Pictures in the records below must be left out. Return exactly the lines from the line with "Bild av Thrustmaster" to the line with "Conan the Barbarian #14 (1972) VG- Condition", both included.

**TASK INPUT:**
▼
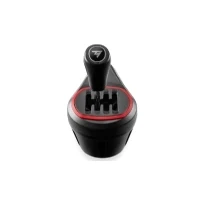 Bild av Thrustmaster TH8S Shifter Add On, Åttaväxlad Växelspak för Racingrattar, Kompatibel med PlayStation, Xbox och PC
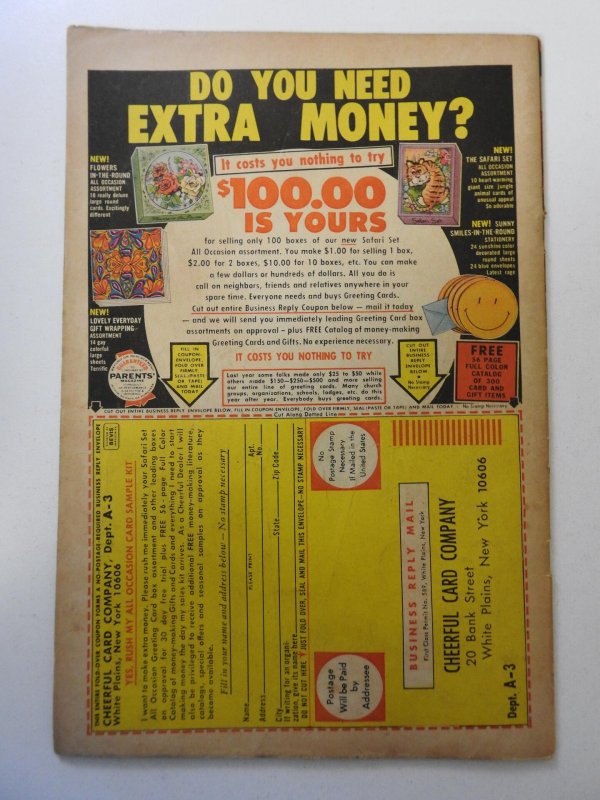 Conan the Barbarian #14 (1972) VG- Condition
▲
▼
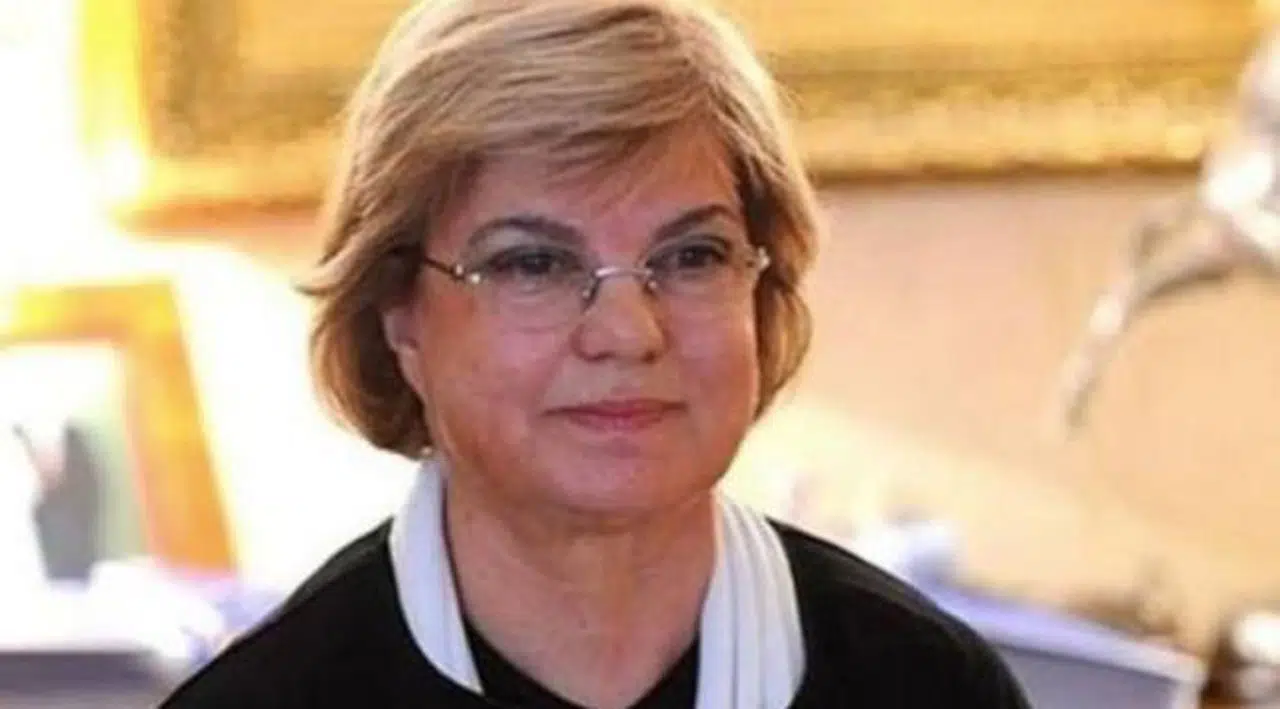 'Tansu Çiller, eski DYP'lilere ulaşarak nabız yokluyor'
▲
**EXERCISE RESPONSE:**
 Bild av Thrustmaster TH8S Shifter Add On, Åttaväxlad Växelspak för Racingrattar, Kompatibel med PlayStation, Xbox och PC
 Conan the Barbarian #14 (1972) VG- Condition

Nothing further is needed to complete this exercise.